• [EXERCISE] Every line of the data that contains the string "black" must be copied.

• [EXERCISE INPUT]

★ ★ ★

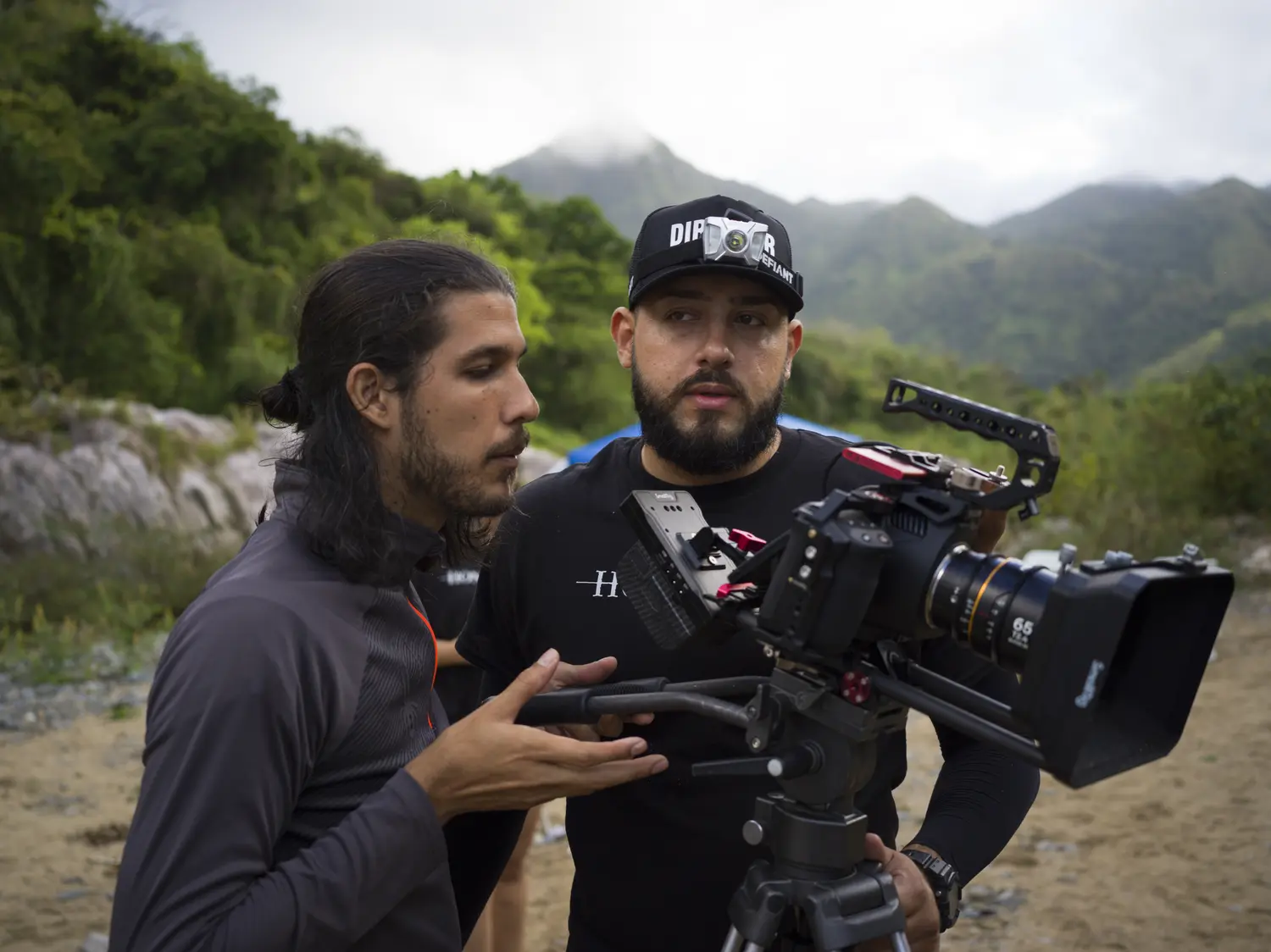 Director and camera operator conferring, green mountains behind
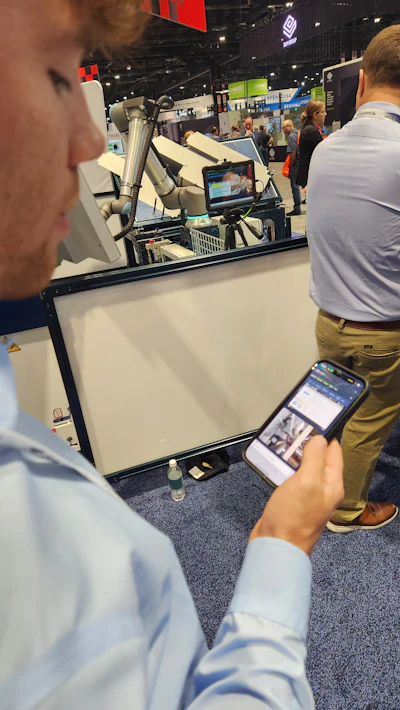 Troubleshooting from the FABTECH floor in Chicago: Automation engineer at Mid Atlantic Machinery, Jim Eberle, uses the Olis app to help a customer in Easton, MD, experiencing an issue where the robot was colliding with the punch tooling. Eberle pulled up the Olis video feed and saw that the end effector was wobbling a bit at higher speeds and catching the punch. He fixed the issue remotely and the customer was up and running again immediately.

★ ★ ★

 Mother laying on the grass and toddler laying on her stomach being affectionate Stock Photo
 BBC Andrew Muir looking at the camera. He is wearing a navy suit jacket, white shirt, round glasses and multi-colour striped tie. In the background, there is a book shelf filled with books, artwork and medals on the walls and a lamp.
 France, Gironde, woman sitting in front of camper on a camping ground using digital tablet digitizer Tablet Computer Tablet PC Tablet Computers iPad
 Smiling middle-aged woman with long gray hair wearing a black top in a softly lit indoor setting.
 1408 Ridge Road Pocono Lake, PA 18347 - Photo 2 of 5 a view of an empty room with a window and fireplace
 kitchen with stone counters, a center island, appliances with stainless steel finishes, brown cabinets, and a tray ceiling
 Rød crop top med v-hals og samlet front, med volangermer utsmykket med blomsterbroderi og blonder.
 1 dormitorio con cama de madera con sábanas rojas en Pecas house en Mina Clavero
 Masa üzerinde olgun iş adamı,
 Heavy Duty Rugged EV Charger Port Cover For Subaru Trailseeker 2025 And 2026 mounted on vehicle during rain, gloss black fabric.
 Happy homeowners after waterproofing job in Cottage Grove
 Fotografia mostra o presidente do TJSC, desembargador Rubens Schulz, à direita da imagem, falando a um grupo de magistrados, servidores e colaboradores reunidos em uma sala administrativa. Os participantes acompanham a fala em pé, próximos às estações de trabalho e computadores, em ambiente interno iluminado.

★ ★ ★

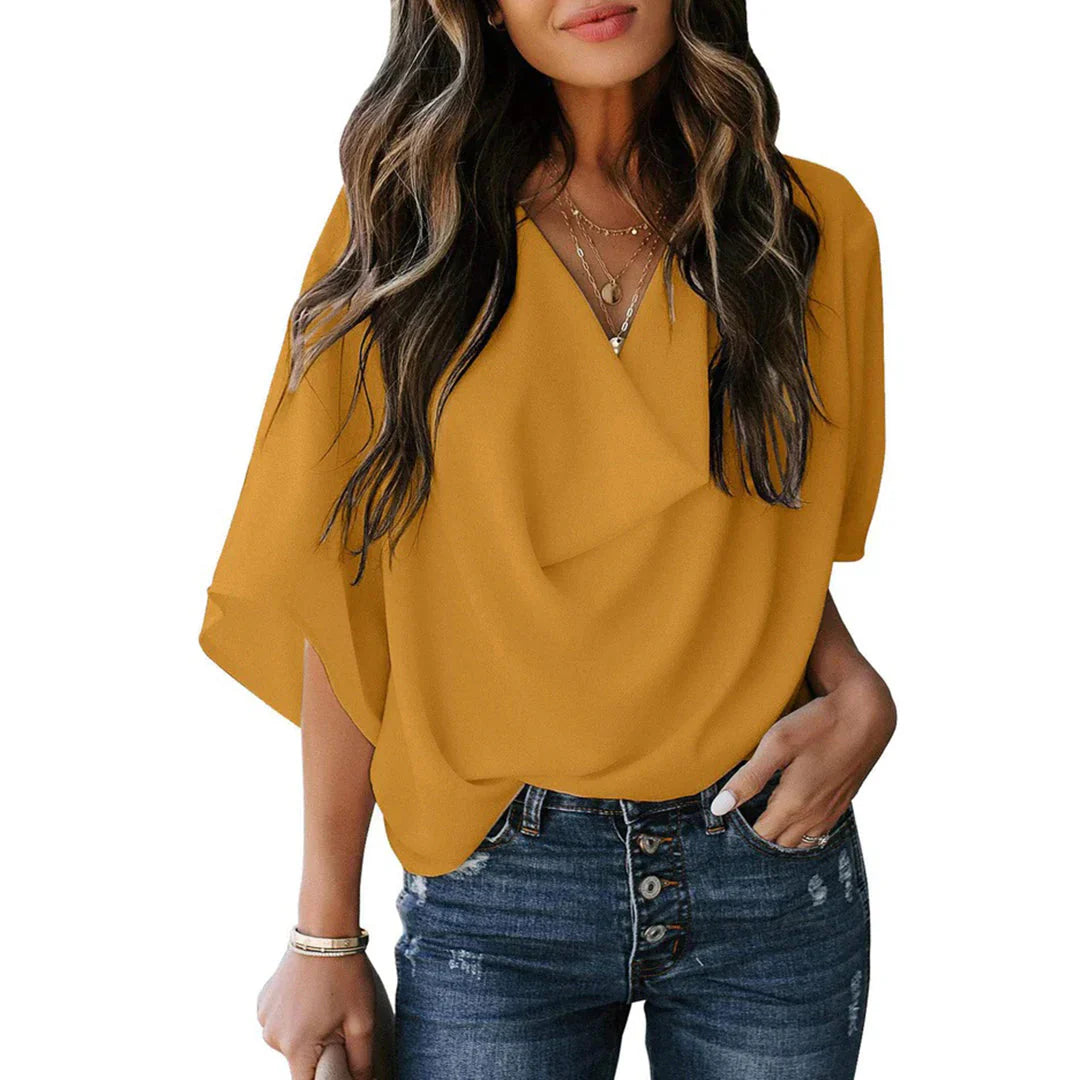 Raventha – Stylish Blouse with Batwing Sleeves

★ ★ ★

• [TASK RESPONSE]
 Smiling middle-aged woman with long gray hair wearing a black top in a softly lit indoor setting.
 Heavy Duty Rugged EV Charger Port Cover For Subaru Trailseeker 2025 And 2026 mounted on vehicle during rain, gloss black fabric.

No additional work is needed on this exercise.